Devlet Türkiye’deki bilinen tüm teamüllerinin dışına çıkarak çok suç işledi Cizre’de. Bu günlerde barışı konuşmaya başlarken, Cizre’deki diken üstü durumun bir türlü sona ermemesi ve halkın geliştirdiği hendek kazma gibi ‘önleyici’ tedbirler toplumla devlet arasındaki bu arbedenin süreceğini gösteriyor. En son Ümit Kurt isimli bir Kürt gencinin vurularak öldürülmesi halkı infiale sürüklemeye yönelik çirkin bir devlet provokasyonudur. Sürekli Yüksekova, Lice, Varto (6-8 Ekim olaylarında) ve Cizre gibi Kürt özgürlük mücadelesini en zor yıllarda bile sahiplenen yerlerde yaşayan halka yönelik sistematik provokasyon ve birer ikişer olacak şekilde özelde gençlere yönelik katliam, halkın infiale kapılarak örgütlü hareketini bozmayı ve Türk devletiyle Kürt tarafı arasında bin bir çaba ve emekle oluşan bu zorlu ‘aşamayı’ yıkmayı hedeflemektedir.
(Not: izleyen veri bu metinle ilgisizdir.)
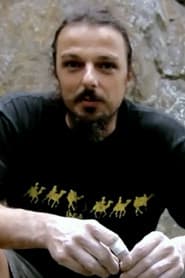 Olivier Laffont في دور Self
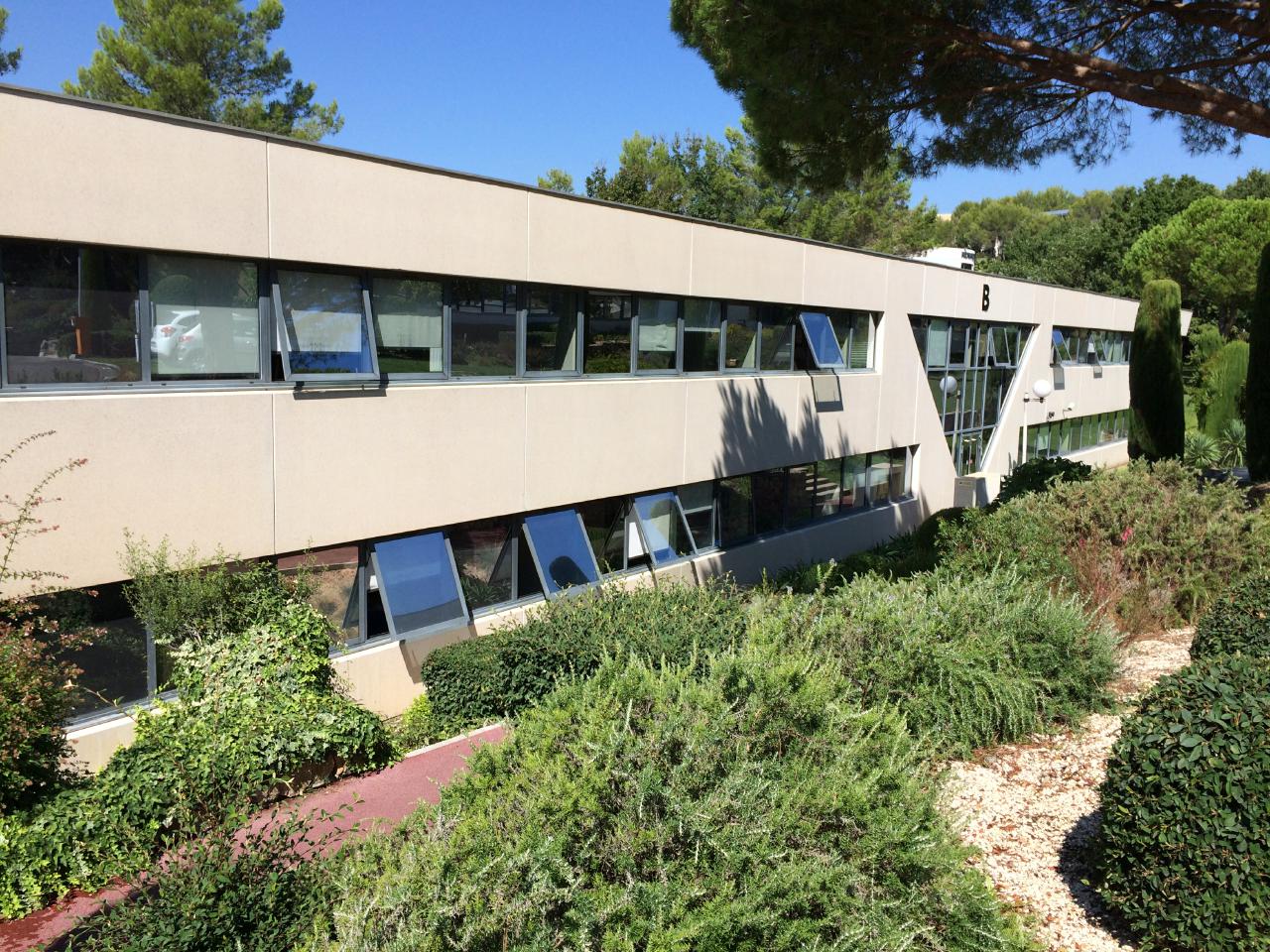Location bureau Sophia Antipolis Alpes-Maritimes OLBUR2427246 5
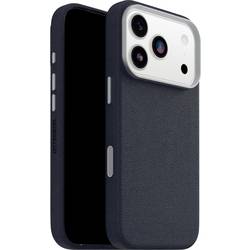 Otterbox 77-99053 Case Apple iPhone 17 Pro modrá Kompatibilní s MagSafe 77-99053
Başka bir deyişle, sürecin kalbi Cizre’de atmaktadır. Yine Diyarbakır 4. Ağır Ceza Mahkemesi’nin 2010’da Cizre KCK davasından tutuklanan 16 siyasetçiye verilen ‘cezayı’ onaması karşısında, halkın ‘sonunda çözüm geliyor!’ diyerek sokaklara çıkıp halay çekmesini beklemiyorsunuz herhalde… Eğer ortada bir müzakere ve anlaşma temayülü olsaydı, halkın zombiler gibi gördüğü ve nefret ettiği Hizbul vahşet, Şeytanok, Hizbul-kontra gibi pek çok ismi bulunan bu şebeke, onca acı ve zorluğun ardından yeniden Cizre halkının karşısına çıkarılmazdı. Cizre halkı bu kullanımlık yapıyı da, devleti de çok iyi tanıyor çünkü.

Devlet olan biteni tıpkı 1990’larda yaptığı gibi toplumun geri kalanından gizlemeyi tercih ediyor. Kobanê’de, Lice’de, Varto, Amed, Yüksekova ve Cizre’de çözüm süreci yürümüyor. Gençlerin sıklıkla kurşunlanarak öldürüldüğü bir coğrafyada hiçbir sorun çözülmez. Normal hayat toplumdan gittikçe uzaklaşır ve insanlar ölümlerle yatıp kalkar. Böylece herkes gergin, güvensiz ve ‘tedbirli’ davranmak zorunda kalır. Oysa asıl olan derhal barış ve çözüm tedbirlerinin geliştirilmesidir. Artık bu kadar fenalıktan sonra boyun eğdirilemeyen Cizre halkına kulak vererek bir yerden başlanabilir.